あとは、教材として使う予定の「リファレンス実装」をもう少し理解しやすい作りに改良したり、解説用の資料を作ったりと、なかなか忙しくギリギリまで準備を進めていました。

イベント期間中の様子

運営スタッフや参加者が以下のハッシュタグを付けてツイートしてくれているので、これらのタイムラインを追ってもらうと、どんな雰囲気で開催されていたのか分かる思います。(ごはんのツイートが多いので飯テロ注意)

#KLabExpertCamp

#プロトコルスタック自作

開催してみて

まず、これだけの人数の参加者に集まってもらえたことが驚きと共に一番うれしかったです。そして、皆さん起床ミッションに失敗することもなく初日から最終日まで黙々と開発に取り組んでくれていたのが本当に凄いと思いました。

あと、このイベントを開催した目的のうちの1つでもあるんですけど、参加者同士の交流が活発に行われていたようで良かったです!尊い。いや、これまで個別にインターン生として受け入れていた学生達とのやり取りの中で「ニッチな分野になるとなかなか周りで同じレベル感で話せる友達や仲間がいなくて寂しい(とくに地方の場合)」という話が上がることが多かったんですよ。
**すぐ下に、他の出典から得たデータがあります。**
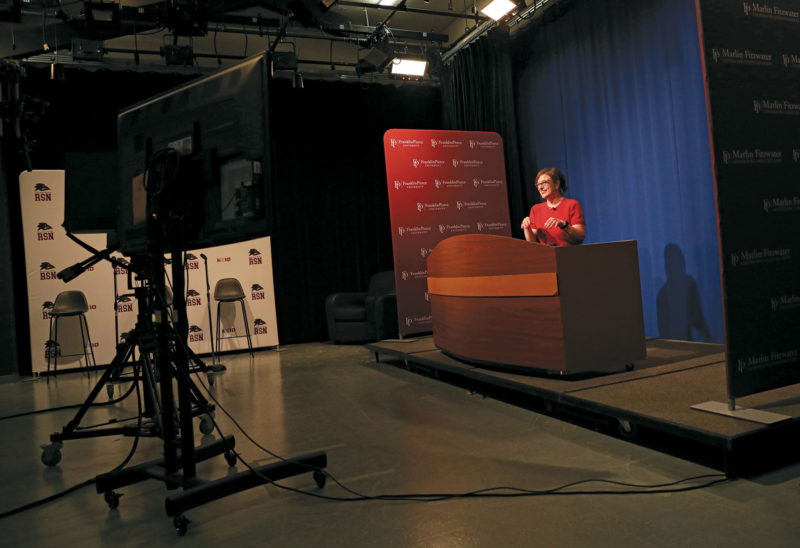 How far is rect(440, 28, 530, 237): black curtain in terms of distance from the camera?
6984 millimetres

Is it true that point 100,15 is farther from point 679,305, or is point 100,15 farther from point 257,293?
point 679,305

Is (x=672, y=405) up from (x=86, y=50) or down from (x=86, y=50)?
down

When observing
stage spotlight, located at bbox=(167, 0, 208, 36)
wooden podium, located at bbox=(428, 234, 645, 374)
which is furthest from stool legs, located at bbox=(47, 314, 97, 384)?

なので、今回のイベントでは全国各地から同じニッチな分野に興味を持っている学生が集まる絶好の機会だし、そういった交流の場としても機能して欲しいなと思っていたのでした。

このイベントに参加して「TCP/IPを完全に理解した」となった方、その先に進んで「TCP/IPまるでわからん」となった方「TCP/IPチョットデキル」の域に達した方、得られたものはそれぞれ異なると思いますが、参加者全員に「楽しかった」と思ってもらえていたら開催した甲斐があったかなと思うし、第2回はもっとクオリティ高くヤルぞ!という気持ちになります。

謝辞

もともとこのイベントは僕が一人で講師を務めるつもりで企画がスタートしたのですが、予想を上回る参加人数となったことから、社内のエンジニアに協力を仰いで講師やサポート役を引き受けてもらいました。

また、社内からだけではなく外部の方にも講師役を引き受けて頂きました。

ねりさんはプロトコルスタック自作クラスタとして以前から認識していて、#tcfm のミートアップでのLTやサイボウズ・ラボユースでの活躍を見て「ヤバイ人がいる」とウォッチしていたのですが、こんな雑な絡み(なんとこれが初コンタクトなんですよ)にも関わらず、快く引き受けていただき本当にありがとうございました。

僕はR&D部門に所属しているものの、学問として研究をしたことがないため、研究者の立場として参加者に対してアドバイスや相談に対応してくれていたのはものすごく心強かったし、めちゃくちゃカッコいいなと感じました。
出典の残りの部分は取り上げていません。